Après Jake Gyllenhaal, c’est Gerard Butler, devenu un genre à lui tout seul, qui incarne un troufion d’élite envoyé en mission dans la région afghane, seul et sans couverture. Tom Harris, c’est son nom (dont on se moque bien), est un barbouze opérant sous le manteau pour la CIA. Après une mission de sabotage d’usine nucléaire réussie dans l’Iran voisin, la véritable identité de Harris est dévoilée par une journaliste d’investigation : dès lors, sa tête est mise à prix par l’armée iranienne. Il doit fuir la région et rejoindre une équipe d’extraction à Kandahar, avec l’aide de son traducteur, Mo (Navid Neghaban), revenu d’Amérique où il s’était réfugié pour retrouver sa sœur. Le duo doit aussi échapper à un agent pakistanais coriace, Kahil (la star indienne Ali Fazal, vue dans Mort sur le Nil), pressé de planter la tête de Harris sur son tableau de chasse pour enfin quitter le désert afghan. La traque peut commencer…
Quand t’es dans le désert…
Troisième collaboration entre Butler et Ric Roman Waugh après Greenland (petit succès en salles au moment du Covid) et le nanar La chute du Président, Kandahar se démarque — un peu — des films d’action habituels fréquentés par le monolithique acteur écossais. Le personnage de Butler devient l’élément moteur d’un script artificiellement complexe. Les 40 premières minutes nous ramènent plus à l’atmosphère des séries modernes d’espionnage comme Homeland et Téhéran (dans lesquelles revient d’ailleurs Navid Neghaban), avec la présentation d’une foule de personnages secondaires et une intrigue qui saute d’un continent et d’un gouvernement à l’autre, dans un effort de montrer les forces en présence et les conséquences de la fuite médiatique exposant les agissements de Harris. C’est à la fois dense et frustrant, car nombre de ces sous-intrigues et protagonistes s’avèrent sous-développés (comme le kidnapping de la journaliste lanceuse d’alerte ou les motivations de Roman (Travis Fimmel), le donneur d’ordres de Harris), au point de générer une certaine confusion.

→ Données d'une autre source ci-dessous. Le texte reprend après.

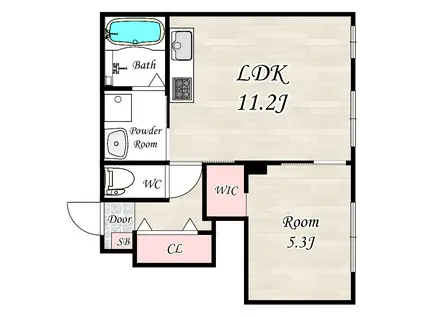 尼崎市立花町4丁目アパート(1LDK/1階)の間取り写真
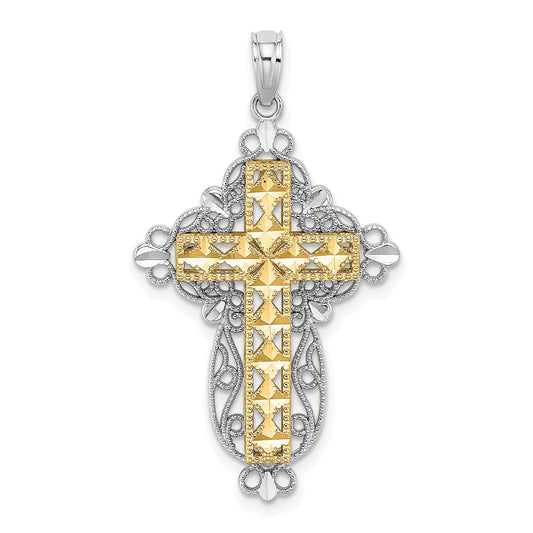 14K Two-Tone D/C Filigree Cross Charm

Tout est sacrifié à partir du moment où l’action s’enclenche vraiment, quand Tom et Mo se lancent en voiture dans une fuite éperdue à travers le désert.
« Le film est plutôt bancal, mais pas dénué d’une certaine vista lorsqu’il s’agit d’orchestrer quelques moments spectaculaires. »
Waugh est incontestablement plus à son aise pour injecter de l’adrénaline dans ces scènes de poursuite et de survie, que pour bâtir un film d’espionnage convaincant et original. Les objectifs du duo (retrouver leur famille, s’échapper d’Afghanistan), le charisme mystérieux et bizarrement absurde de leur traqueur (Kahil, qui se déplace en moto, ressemble à un électron libre plus intéressé par la culture occidentale que le régime taliban), fournissent une ligne claire à cette deuxième partie séquencée autour de plusieurs morceaux de bravoure : un affrontement tendu autour d’un marché, une lutte en vision nocturne contre un hélicoptère qui renvoie aux expérimentations de McTiernan sur Rollerball, une poursuite finale « convergente » fournie en fusillades et en explosions… Kandahar peut dans ces scènes exposer à travers une belle photographie la cinégénie de paysages désertiques et montagneux rarement vus à l’écran, et pour cause : le film a été en grande partie tourné dans le royaume d’Arabie Saoudite — ce qui ne manque pas d’ironie, comme de cynisme de la part des studios, vu la peinture peu favorable faite des sociétés iraniennes et afghanes. Plutôt bancal donc, trop engoncé dans les réconfortantes facilités du « Gerard Butler movie » (happy end invraisemblable en bonus), mais pas dénué d’une certaine vista lorsqu’il s’agit d’orchestrer quelques moments spectaculaires, Kandahar ne redorera pas par magie l’image des Américains en Afghanistan. Roboratif et dépaysant, mais loin d’être inoubliable.